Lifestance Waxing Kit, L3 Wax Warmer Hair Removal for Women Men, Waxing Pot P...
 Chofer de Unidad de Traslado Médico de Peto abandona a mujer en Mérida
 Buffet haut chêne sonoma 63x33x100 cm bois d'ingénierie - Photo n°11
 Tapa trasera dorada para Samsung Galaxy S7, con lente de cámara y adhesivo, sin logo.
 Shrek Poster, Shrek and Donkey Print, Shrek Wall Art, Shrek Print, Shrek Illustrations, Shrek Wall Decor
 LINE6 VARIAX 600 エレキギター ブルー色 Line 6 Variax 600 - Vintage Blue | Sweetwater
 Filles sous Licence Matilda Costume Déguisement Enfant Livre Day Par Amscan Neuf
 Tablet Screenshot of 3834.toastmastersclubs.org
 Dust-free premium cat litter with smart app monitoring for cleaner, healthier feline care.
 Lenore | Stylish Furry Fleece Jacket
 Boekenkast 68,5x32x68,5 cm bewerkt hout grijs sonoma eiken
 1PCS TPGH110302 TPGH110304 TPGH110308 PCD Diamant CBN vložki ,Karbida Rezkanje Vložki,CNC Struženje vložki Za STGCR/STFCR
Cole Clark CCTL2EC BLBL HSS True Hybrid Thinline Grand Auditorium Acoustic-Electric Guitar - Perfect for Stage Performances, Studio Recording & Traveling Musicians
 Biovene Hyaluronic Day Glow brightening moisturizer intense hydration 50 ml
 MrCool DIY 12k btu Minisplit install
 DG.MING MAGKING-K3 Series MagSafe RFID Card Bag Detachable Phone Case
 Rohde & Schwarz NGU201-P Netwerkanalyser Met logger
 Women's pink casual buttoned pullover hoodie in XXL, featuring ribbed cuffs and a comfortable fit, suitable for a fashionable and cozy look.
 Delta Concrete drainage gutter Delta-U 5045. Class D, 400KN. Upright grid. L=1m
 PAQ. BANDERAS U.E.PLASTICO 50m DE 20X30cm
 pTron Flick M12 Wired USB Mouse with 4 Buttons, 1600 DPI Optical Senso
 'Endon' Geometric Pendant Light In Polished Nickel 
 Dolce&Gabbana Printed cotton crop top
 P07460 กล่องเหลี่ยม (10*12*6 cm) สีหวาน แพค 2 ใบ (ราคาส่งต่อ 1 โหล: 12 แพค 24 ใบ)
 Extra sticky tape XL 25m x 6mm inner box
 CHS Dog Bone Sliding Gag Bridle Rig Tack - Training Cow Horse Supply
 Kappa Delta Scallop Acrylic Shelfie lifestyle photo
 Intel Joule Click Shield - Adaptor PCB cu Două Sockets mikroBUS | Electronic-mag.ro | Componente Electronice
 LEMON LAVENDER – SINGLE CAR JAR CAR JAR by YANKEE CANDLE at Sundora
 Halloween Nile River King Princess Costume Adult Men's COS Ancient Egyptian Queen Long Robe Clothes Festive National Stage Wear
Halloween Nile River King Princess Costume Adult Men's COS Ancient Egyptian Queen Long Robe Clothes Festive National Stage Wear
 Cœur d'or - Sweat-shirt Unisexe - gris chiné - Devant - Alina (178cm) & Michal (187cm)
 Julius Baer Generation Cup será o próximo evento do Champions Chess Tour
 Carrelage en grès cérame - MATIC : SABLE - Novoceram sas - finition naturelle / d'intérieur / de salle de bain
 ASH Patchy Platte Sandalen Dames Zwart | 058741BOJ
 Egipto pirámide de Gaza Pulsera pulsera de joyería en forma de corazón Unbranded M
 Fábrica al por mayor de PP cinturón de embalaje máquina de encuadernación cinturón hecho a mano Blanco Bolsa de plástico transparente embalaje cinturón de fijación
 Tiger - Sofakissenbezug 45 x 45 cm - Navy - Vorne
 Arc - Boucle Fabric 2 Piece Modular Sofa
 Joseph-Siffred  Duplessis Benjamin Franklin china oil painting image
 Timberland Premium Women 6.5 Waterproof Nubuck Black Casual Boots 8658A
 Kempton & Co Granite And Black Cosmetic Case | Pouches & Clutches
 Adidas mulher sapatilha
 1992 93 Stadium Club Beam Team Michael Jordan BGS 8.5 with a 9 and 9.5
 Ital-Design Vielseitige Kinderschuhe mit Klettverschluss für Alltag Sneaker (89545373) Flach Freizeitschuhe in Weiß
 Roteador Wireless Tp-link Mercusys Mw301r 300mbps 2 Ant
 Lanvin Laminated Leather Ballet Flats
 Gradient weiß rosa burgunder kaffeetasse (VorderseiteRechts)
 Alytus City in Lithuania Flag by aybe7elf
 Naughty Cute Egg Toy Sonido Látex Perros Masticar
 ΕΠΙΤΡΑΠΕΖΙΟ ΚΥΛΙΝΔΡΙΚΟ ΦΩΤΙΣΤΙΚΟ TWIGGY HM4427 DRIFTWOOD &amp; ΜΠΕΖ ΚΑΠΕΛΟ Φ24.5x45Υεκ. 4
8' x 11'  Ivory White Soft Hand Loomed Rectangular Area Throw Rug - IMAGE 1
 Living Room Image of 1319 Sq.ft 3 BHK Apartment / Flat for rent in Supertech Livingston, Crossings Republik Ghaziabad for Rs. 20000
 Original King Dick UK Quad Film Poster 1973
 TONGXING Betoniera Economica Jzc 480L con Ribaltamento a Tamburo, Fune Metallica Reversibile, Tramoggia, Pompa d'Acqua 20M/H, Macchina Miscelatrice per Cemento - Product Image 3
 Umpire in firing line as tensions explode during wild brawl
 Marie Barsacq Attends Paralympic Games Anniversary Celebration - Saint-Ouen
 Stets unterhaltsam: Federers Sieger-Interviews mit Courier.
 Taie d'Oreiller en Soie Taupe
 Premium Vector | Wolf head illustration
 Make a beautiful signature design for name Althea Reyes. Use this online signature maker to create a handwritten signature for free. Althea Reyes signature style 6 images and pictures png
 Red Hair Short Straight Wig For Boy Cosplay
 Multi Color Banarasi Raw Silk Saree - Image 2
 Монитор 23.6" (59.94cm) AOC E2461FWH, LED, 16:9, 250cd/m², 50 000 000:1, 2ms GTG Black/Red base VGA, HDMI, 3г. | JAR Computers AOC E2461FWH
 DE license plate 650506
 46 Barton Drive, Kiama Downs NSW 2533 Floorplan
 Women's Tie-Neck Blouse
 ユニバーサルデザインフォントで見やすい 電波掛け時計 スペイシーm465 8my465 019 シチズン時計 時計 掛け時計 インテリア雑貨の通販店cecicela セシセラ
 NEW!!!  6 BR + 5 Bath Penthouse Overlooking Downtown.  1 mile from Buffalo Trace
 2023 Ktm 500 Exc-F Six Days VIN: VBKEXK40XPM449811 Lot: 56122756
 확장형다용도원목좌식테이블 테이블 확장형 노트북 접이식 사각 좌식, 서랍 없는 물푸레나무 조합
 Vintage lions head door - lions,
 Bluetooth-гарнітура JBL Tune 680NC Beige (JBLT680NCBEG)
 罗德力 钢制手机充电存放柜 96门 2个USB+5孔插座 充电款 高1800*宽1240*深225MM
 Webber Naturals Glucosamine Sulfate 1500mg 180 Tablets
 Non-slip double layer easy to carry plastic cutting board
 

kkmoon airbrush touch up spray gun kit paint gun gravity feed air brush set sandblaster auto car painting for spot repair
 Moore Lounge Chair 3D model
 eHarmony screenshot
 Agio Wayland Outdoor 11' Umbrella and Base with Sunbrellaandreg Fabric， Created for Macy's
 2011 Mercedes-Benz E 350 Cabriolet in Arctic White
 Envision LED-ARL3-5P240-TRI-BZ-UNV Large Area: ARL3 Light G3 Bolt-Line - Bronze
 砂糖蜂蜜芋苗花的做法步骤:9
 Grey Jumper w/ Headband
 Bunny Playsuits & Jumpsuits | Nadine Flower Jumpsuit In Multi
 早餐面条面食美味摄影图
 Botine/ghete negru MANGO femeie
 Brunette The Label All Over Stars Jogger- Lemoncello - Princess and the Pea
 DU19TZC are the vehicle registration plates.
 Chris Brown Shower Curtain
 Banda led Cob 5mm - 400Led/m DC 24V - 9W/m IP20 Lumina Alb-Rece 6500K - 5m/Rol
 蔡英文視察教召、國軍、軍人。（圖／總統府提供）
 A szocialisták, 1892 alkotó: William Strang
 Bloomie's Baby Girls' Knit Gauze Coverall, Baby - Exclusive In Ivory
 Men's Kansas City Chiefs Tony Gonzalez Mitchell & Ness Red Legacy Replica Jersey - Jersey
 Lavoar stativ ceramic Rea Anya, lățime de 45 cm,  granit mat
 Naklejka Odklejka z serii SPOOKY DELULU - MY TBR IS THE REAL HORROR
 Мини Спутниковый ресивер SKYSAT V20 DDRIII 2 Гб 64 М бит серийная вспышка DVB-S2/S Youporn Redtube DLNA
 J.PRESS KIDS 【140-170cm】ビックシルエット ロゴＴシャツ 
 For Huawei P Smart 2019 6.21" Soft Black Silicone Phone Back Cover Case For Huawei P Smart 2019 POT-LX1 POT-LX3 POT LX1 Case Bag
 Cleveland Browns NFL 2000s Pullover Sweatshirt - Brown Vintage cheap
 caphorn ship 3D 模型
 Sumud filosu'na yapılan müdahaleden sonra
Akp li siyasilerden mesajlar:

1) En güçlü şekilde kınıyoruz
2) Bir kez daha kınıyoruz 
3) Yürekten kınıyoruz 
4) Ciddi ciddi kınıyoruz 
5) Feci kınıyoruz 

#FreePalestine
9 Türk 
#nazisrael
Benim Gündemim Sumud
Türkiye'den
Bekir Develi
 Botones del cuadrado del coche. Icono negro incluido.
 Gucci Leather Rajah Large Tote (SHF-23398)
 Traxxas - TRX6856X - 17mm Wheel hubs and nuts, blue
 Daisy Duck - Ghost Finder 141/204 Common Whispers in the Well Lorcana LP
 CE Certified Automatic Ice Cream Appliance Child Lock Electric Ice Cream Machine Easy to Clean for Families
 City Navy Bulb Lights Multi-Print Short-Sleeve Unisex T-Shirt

→ TASK DESCRIPTION: Since only part of the listing is wanted, copy exactly the lines from the one holding "2) Bir kez daha kınıyoruz" to the one holding "Traxxas - TRX6856X", both included.

→ RESULT OF THIS EXERCISE:
2) Bir kez daha kınıyoruz 
3) Yürekten kınıyoruz 
4) Ciddi ciddi kınıyoruz 
5) Feci kınıyoruz 

#FreePalestine
9 Türk 
#nazisrael
Benim Gündemim Sumud
Türkiye'den
Bekir Develi
 Botones del cuadrado del coche. Icono negro incluido.
 Gucci Leather Rajah Large Tote (SHF-23398)
 Traxxas - TRX6856X - 17mm Wheel hubs and nuts, blue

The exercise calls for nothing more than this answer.